(Work to complete) Retype, without any change, the first line of the records and every line after it through the one containing "16gb озу ddr4 Corsair vengeance 3200 mhz".

* * * * *

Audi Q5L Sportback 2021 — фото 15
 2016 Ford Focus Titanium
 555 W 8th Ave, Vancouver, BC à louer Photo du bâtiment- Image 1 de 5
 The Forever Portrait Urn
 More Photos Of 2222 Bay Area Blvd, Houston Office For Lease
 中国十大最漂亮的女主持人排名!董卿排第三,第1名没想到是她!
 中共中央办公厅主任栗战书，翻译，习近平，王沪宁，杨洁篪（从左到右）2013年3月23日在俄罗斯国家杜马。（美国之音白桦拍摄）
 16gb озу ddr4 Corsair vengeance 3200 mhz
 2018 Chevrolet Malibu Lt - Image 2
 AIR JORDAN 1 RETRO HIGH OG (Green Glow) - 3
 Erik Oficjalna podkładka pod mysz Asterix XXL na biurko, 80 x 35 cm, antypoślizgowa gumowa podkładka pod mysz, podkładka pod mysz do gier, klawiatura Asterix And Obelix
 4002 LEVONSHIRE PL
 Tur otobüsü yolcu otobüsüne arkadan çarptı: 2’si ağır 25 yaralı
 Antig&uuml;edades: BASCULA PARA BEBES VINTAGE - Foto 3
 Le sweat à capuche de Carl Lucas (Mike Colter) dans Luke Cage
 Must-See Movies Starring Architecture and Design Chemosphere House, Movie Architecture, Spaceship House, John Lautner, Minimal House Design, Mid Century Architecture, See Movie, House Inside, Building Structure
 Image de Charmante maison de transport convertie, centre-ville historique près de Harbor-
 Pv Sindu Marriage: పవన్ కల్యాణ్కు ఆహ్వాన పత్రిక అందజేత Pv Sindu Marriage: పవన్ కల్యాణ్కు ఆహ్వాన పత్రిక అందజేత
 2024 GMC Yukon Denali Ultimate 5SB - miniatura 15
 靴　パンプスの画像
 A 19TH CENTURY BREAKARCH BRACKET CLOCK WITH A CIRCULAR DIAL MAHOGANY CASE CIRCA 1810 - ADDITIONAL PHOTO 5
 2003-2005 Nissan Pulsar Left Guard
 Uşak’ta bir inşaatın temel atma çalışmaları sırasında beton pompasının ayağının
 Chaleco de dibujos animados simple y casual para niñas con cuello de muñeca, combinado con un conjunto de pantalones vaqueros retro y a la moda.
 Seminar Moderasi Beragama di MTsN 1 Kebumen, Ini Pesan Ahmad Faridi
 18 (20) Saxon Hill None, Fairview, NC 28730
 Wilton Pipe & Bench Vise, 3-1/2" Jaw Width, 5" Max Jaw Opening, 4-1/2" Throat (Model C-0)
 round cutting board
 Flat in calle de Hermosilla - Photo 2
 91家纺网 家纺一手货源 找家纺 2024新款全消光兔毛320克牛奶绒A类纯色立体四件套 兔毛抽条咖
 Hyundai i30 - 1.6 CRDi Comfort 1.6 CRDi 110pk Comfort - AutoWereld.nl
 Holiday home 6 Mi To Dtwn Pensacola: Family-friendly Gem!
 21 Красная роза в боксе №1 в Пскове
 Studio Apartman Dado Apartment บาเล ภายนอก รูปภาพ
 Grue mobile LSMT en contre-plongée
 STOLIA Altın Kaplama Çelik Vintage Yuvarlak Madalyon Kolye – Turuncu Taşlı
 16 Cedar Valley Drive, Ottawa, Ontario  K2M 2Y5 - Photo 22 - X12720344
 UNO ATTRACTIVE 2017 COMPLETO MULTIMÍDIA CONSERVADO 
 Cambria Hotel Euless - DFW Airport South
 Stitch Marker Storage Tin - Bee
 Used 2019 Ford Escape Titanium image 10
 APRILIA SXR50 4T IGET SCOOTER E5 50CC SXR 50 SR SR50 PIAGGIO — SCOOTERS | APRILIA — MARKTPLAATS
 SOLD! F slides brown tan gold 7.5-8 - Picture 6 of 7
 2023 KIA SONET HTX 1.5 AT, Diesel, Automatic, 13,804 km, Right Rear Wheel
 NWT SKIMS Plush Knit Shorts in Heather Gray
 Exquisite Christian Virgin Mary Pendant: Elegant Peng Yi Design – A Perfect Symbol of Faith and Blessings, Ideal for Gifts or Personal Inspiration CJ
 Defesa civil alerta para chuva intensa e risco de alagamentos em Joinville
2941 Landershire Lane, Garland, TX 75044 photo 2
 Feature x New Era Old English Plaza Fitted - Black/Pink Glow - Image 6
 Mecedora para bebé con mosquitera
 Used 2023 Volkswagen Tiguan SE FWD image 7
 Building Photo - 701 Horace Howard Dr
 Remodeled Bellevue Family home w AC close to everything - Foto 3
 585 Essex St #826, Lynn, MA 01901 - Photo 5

* * * * *

(Reply)
Audi Q5L Sportback 2021 — фото 15
 2016 Ford Focus Titanium
 555 W 8th Ave, Vancouver, BC à louer Photo du bâtiment- Image 1 de 5
 The Forever Portrait Urn
 More Photos Of 2222 Bay Area Blvd, Houston Office For Lease
 中国十大最漂亮的女主持人排名!董卿排第三,第1名没想到是她!
 中共中央办公厅主任栗战书，翻译，习近平，王沪宁，杨洁篪（从左到右）2013年3月23日在俄罗斯国家杜马。（美国之音白桦拍摄）
 16gb озу ddr4 Corsair vengeance 3200 mhz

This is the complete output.